VALUE: value of a set entry

What are the data structures that implement set?

Most common implementations of set are:

Hash Table
- Strengths:
  - By far the fastest in insertion/lookup/deletion of entries: because hash table only needs to compute a hash of entry and look up in bucket (List at position @ List) that corresponds to hash to add/delete/retrieve that entry. Because bucket ideally contains one entry only, this operation is considered to occur in constant O(1) time.
  - By far the smallest in memory consumption: only a List of List.
- Weaknesses:
  - Unpredictable iteration, which makes it hard to test.
  - It depends on:
    - a fast hash function that guarantees even distribution throughout buckets, so that the List inside ideally contains only one entry.
    - a reliable comparator function that guarantees there won't be duplicates (which would violate above-mentioned set principles)
Linked Hash Table
- Strengths:
  - Almost as fast, just a bit slower (5-10%) than Hash Table on insertion/lookup/deletion of entries: because it needs to maintain the doubly linked list that preserves insertion order as well.
  - Predictable iteration, which makes testing easy
- Weaknesses:
  - Greater memory consumption (33%) than Hash Table, because it needs to store the doubly linked list that maintains insertion order.
  - Same dependency on a good hash/comparator function.
Red Black Tree
- Strengths:
  - Stays ordered.
  - Predictable iteration, which makes testing easy
- Weaknesses:
  - Much slower (6-7 times) than Hash Table in insertion/deletion of entries: because the red black tree always has to rebalance itself, which is a VERY costly operation that may involve the whole data set.
  - Greater memory consumption (33%) than Hash Table, because the struct that wraps each value requires more information.
  - Depends on a reliable comparator function.

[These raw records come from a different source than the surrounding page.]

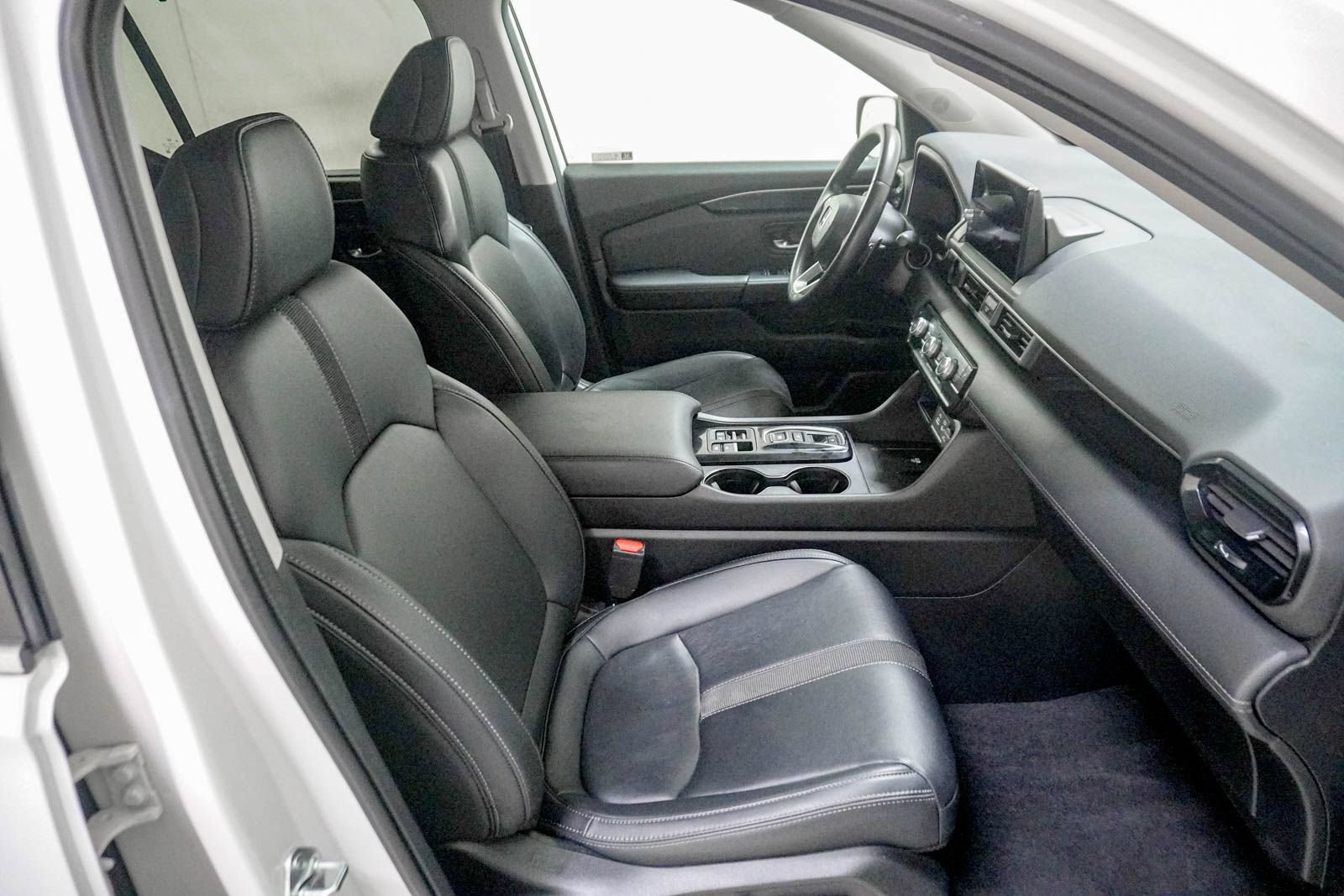 Used 2023 Honda Pilot EX-L image 26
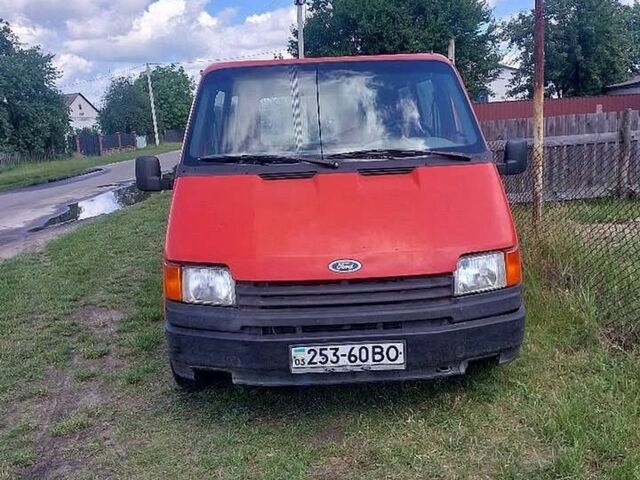 Червоний Форд Транзит, об'ємом двигуна 1.8 л та пробігом 959 тис. км за 700 $, фото 1 на Automoto.ua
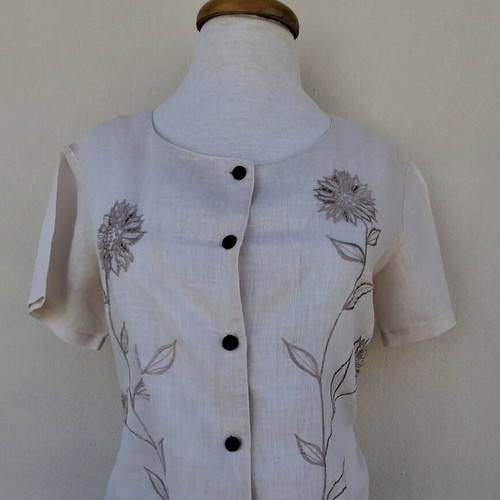 Linen short-sleeve shirt embroidered by hand like new, beige, size L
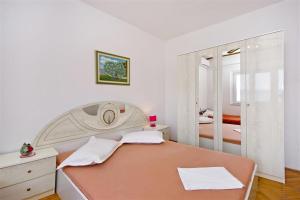 Apartments by the sea Dugi Rat, Omis - 7575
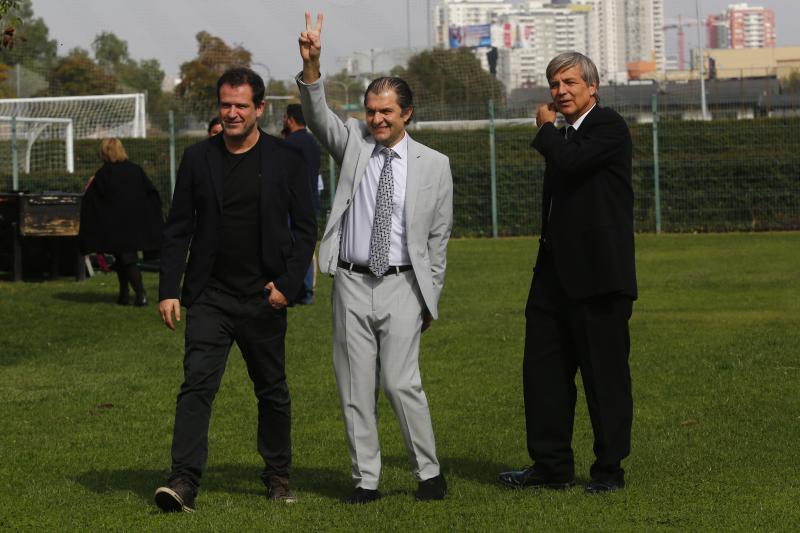 Harold Mayne-Nicholls junto a Aníbal Mosa en Colo Colo. Crédito: Photosport.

This time complexity table using Big O Notation shows advantages and disadvantages of each data structure chosen for each set operation:

Operation	Hash Table	Linked Hash Table	Red Black Tree
add	O(1)	O(1)	O(log(N))
clear	O(N)	O(N)	O(N)
contains	O(1)	O(1)	O(log(N))
find	O(1)	O(1)	O(log(N))
remove	O(1)	O(1)	O(log(N))
isEmpty	O(1)	O(1)	O(1)
size	O(1)	O(1)	O(1)

Conclusion: Hash Table, with its speed/memory efficiency advantages, should be solution of choice unless one specifically desires structure to be predictably iterated or self-ordered!